§ Exercise data
=== Section Start ===

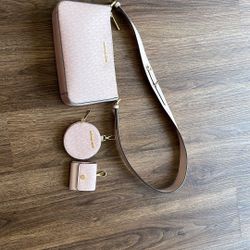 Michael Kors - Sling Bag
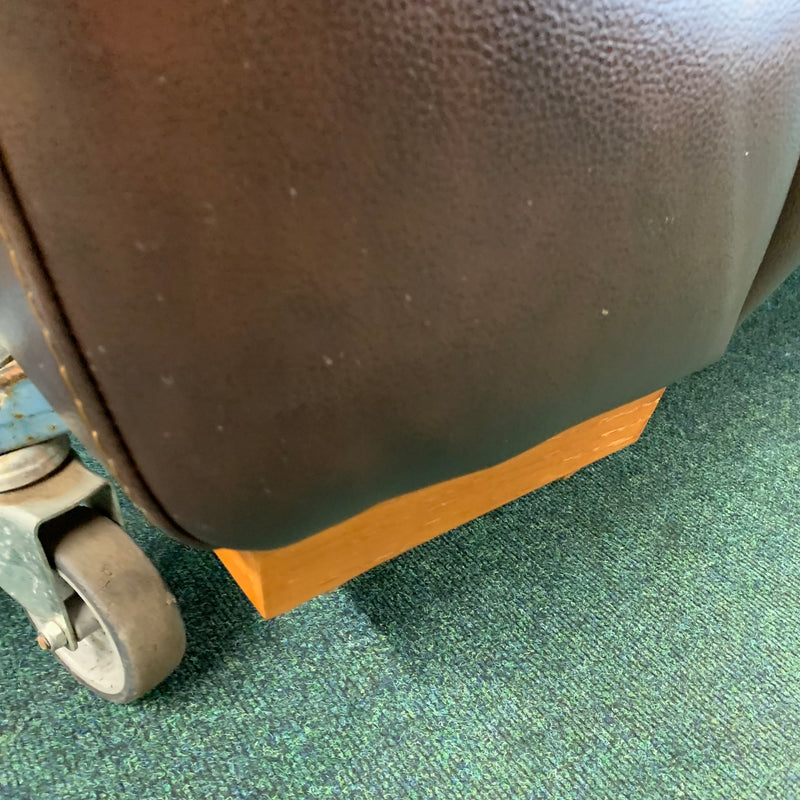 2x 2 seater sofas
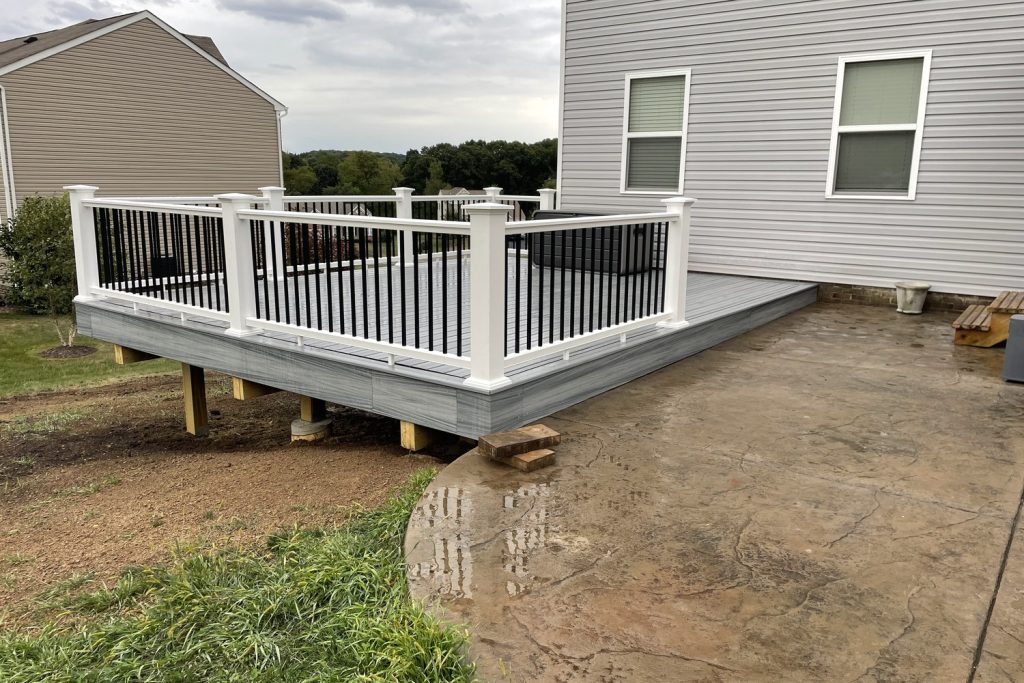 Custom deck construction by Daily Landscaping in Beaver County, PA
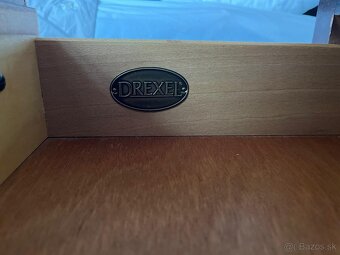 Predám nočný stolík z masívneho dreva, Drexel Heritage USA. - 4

=== Section End ===

§ Activity
Retype the line containing "Custom deck construction" and all lines after it through the end of the material, exactly and only those, leaving out pictures.

§ Answer section
 Custom deck construction by Daily Landscaping in Beaver County, PA
 Predám nočný stolík z masívneho dreva, Drexel Heritage USA. - 4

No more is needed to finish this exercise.